Global energy and electricity provider Iberdrola announced plans today for a major electrification-focused investment program, pledging to allocate €41 billion in its network and renewable energy from 2024 through 2026, and to hire 10,000 people.

The investment plans were announced as part of a strategic update by Iberdrola Executive Chairman Ignacio Galán at the company’s Capital Markets Day on Thursday, noting that the “electrification of energy is unstoppable and will expand exponentially in the years ahead, supporting decarbonisation, boosting energy security, and reducing the volatility caused by fossil fuels.”

The strategic plan includes a significant focus on network-based growth, which represents 60% of the planned investments, of which approximately two-thirds will target distribution, and one-third to transmission.
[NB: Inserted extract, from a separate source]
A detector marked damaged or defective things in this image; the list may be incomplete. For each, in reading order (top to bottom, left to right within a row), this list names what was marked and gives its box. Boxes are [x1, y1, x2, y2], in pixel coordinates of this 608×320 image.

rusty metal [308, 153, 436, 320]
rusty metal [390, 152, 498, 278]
Iberdrola estimated that the investments will result in an increase in its network asset base of 38% in 2026, and improve its geographical diversification, with more than 40% of the investment anticipated to be allocated to the U.S.
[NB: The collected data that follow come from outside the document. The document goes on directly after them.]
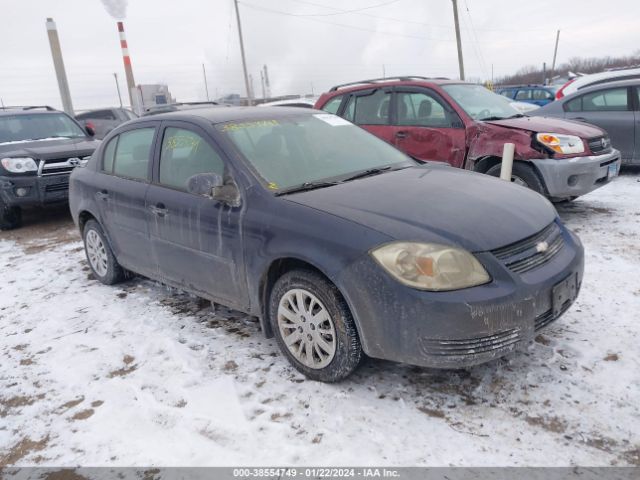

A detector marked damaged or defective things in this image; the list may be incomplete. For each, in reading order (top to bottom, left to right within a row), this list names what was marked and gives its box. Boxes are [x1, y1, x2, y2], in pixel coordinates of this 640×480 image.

crumpled hood [0, 137, 100, 159]
red damaged suv [316, 77, 620, 201]
crumpled hood [484, 116, 604, 139]
crumpled hood [288, 166, 556, 251]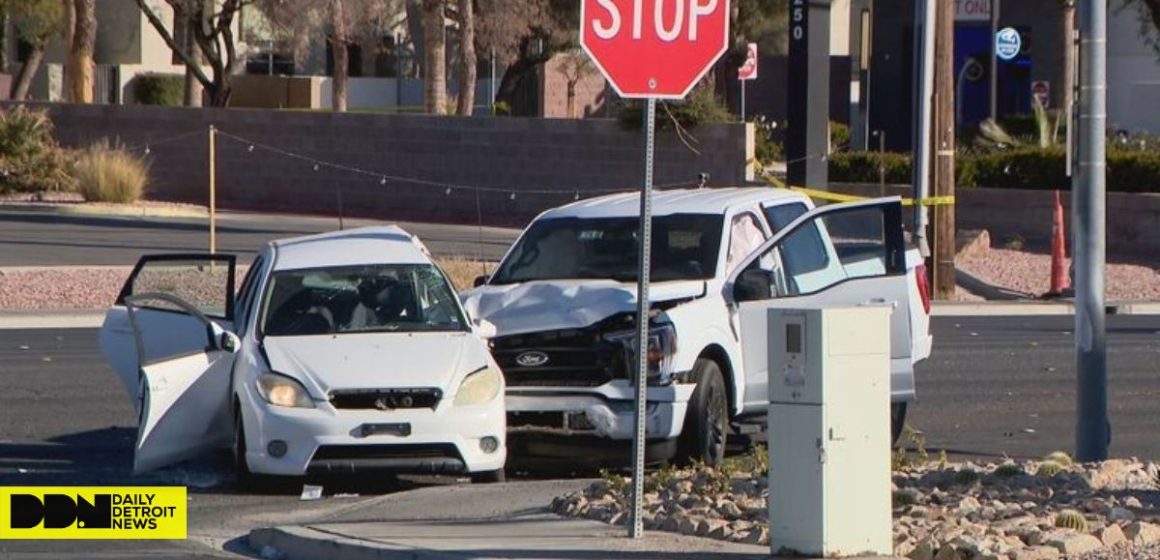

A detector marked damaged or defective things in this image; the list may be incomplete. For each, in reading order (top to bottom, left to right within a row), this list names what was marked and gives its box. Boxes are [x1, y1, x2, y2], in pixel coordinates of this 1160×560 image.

damaged hood [459, 280, 696, 338]
damaged hood [263, 333, 489, 394]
The company’s network expansion plan comes as investment in grids is seen as a key component to enabling the achievement of global climate goals. According to a recent report by the International Energy Agency (IEA), 80 million kilometers of power lines will need to be added or replaced globally by 2040, roughly equal to the entire global grid today, with investment doubling to over $600 billion per year by 2030, in order to remain on track to achieve the Paris Agreement goal to limit temperature rise to 1.5 °C, and to keep up with the increasing deployment of new renewable energy capacity.

The plan also anticipates investments of more than €15 billion in renewable energy, with more than half allocated to offshore wind projects in the US, UK, France and Germany.

The investments also include €2.8 billion for the previously announced acquisition by Iberdrola of the 18.4% of its US subsidiary Avangrid that it does not already own, with €5 billion of the renewables spend to be contributed by partners in projects already identified. Net of these factors, anticipated investment by region from 2024-2026 include 35% to the U.S., 24% UK, 15% Iberia, and 15% to Latin America, with the remainder in Germany, France, Australia and other areas.

Galan added:

“Our strategic pillars focus on networks, geographical diversification, and a balanced energy and customers mix. This plan will allow us to grow our asset base, grow our profitability and strengthen our finances, as well as increasing dividends and driving jobs and skills and economic growth.”